Marine Corp. photographer Cpl. Trevor Gift snapped this photo on January 30 in the Iraqi city of Nasarwasalam:


Mom goes to vote; in addition to guarding the voting station, the masked Iraqi Security Force soldier performs the new duties of holding and guarding her baby who, all bundled-up and without a care in the world, rests peacefully in his arms. You can see the full-size photo here. (Photo is HUGE).

There's something visceral about the image of a soldier carrying a baby. Perhaps it's the juxtaposition of power and vulnerability; the idea of a man (or woman) who has been trained in the business of killing being placed in the position of nurturing an infant, even if only for a moment.


This is a Russian spetsnaz trooper carrying a small child after the Beslan hostage crisis. Spetsnaz were (and are, in all likelihood) some of the most dangerous men on the planet - the Soviet Union's version of our Green Berets. Hard men trained to do the unthinkable. The soldier's face - so stoic as to be unreadable - testifies to the will of the man beneath.

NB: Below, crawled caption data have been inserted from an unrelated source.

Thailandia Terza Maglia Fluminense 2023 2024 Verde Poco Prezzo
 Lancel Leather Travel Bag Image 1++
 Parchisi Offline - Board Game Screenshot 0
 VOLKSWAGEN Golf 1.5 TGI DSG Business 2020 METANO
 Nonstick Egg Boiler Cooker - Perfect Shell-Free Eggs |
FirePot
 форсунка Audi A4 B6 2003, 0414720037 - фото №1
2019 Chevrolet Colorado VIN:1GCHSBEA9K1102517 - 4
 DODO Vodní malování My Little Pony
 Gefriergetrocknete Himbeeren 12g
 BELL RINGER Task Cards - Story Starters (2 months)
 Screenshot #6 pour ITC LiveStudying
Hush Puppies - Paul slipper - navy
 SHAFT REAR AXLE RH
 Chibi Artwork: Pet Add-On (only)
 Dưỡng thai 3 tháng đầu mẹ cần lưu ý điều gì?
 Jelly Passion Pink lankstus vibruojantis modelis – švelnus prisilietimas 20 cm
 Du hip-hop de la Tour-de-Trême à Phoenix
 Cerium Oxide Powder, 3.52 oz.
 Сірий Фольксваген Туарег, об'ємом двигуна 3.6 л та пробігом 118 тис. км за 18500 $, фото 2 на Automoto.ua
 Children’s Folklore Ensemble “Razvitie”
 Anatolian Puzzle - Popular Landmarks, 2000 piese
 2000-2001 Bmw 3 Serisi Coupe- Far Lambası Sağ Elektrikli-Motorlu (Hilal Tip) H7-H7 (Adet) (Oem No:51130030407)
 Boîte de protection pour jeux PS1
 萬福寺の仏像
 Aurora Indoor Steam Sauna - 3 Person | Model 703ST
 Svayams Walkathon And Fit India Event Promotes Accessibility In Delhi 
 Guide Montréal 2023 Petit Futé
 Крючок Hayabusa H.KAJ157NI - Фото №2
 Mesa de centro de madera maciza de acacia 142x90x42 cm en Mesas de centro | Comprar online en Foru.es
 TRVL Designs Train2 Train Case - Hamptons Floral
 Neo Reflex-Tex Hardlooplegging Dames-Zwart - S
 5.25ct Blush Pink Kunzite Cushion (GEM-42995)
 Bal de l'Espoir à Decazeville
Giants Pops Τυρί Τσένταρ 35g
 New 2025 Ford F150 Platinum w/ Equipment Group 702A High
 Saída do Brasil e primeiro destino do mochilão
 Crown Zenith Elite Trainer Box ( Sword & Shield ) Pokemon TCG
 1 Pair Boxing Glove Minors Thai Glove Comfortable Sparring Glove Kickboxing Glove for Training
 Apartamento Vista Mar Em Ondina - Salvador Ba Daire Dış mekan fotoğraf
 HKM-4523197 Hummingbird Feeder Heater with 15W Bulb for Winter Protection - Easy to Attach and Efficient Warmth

How do you carry a child out of the horror of Beslan and not weep?

The answer: Because you have to. Because when you put on the uniform, you tacitly accept the fact that those around you will always look to you as an icon of strength.


Even when you feel as though you have none.

The three men in these photos - Iraqi, Russian, American, - have certainly never met and discussed what it means to be a soldier. There's a very good chance that they don't even speak each other's languages. Yet, they share a common experience and a common character that makes them, well, uncommon. Extraordinary, in fact.